**DIRECTIONS:** Output all records below verbatim.
BEGIN ENTRIES SHOWN
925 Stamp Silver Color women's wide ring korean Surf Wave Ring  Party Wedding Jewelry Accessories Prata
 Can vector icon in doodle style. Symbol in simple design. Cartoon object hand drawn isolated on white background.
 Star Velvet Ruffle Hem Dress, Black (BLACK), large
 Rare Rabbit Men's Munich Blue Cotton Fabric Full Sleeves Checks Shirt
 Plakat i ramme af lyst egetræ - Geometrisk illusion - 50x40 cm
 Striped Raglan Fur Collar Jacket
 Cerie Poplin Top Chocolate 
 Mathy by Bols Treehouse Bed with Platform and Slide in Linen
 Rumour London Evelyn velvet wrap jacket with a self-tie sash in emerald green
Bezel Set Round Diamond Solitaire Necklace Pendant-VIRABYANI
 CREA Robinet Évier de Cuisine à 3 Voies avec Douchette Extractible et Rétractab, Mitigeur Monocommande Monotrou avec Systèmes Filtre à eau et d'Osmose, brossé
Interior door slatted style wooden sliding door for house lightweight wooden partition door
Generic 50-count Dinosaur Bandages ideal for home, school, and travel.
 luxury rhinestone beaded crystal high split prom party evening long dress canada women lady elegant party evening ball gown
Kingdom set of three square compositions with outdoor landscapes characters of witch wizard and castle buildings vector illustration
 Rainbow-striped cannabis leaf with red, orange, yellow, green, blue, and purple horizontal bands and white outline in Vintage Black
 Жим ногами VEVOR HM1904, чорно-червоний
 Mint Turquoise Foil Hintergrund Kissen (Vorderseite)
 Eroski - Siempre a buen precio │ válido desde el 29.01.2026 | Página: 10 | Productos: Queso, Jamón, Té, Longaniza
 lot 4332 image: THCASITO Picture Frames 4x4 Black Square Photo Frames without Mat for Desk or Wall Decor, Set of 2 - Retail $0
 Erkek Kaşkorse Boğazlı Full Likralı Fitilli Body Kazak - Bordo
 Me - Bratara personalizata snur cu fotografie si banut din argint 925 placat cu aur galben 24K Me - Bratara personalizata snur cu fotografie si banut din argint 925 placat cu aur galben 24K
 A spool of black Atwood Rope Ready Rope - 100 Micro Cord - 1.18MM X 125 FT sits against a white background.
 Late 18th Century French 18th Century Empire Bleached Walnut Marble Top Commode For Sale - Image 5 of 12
END ENTRIES SHOWN
**PROBLEM SOLUTION:**
925 Stamp Silver Color women's wide ring korean Surf Wave Ring  Party Wedding Jewelry Accessories Prata
 Can vector icon in doodle style. Symbol in simple design. Cartoon object hand drawn isolated on white background.
 Star Velvet Ruffle Hem Dress, Black (BLACK), large
 Rare Rabbit Men's Munich Blue Cotton Fabric Full Sleeves Checks Shirt
 Plakat i ramme af lyst egetræ - Geometrisk illusion - 50x40 cm
 Striped Raglan Fur Collar Jacket
 Cerie Poplin Top Chocolate 
 Mathy by Bols Treehouse Bed with Platform and Slide in Linen
 Rumour London Evelyn velvet wrap jacket with a self-tie sash in emerald green
Bezel Set Round Diamond Solitaire Necklace Pendant-VIRABYANI
 CREA Robinet Évier de Cuisine à 3 Voies avec Douchette Extractible et Rétractab, Mitigeur Monocommande Monotrou avec Systèmes Filtre à eau et d'Osmose, brossé
Interior door slatted style wooden sliding door for house lightweight wooden partition door
Generic 50-count Dinosaur Bandages ideal for home, school, and travel.
 luxury rhinestone beaded crystal high split prom party evening long dress canada women lady elegant party evening ball gown
Kingdom set of three square compositions with outdoor landscapes characters of witch wizard and castle buildings vector illustration
 Rainbow-striped cannabis leaf with red, orange, yellow, green, blue, and purple horizontal bands and white outline in Vintage Black
 Жим ногами VEVOR HM1904, чорно-червоний
 Mint Turquoise Foil Hintergrund Kissen (Vorderseite)
 Eroski - Siempre a buen precio │ válido desde el 29.01.2026 | Página: 10 | Productos: Queso, Jamón, Té, Longaniza
 lot 4332 image: THCASITO Picture Frames 4x4 Black Square Photo Frames without Mat for Desk or Wall Decor, Set of 2 - Retail $0
 Erkek Kaşkorse Boğazlı Full Likralı Fitilli Body Kazak - Bordo
 Me - Bratara personalizata snur cu fotografie si banut din argint 925 placat cu aur galben 24K Me - Bratara personalizata snur cu fotografie si banut din argint 925 placat cu aur galben 24K
 A spool of black Atwood Rope Ready Rope - 100 Micro Cord - 1.18MM X 125 FT sits against a white background.
 Late 18th Century French 18th Century Empire Bleached Walnut Marble Top Commode For Sale - Image 5 of 12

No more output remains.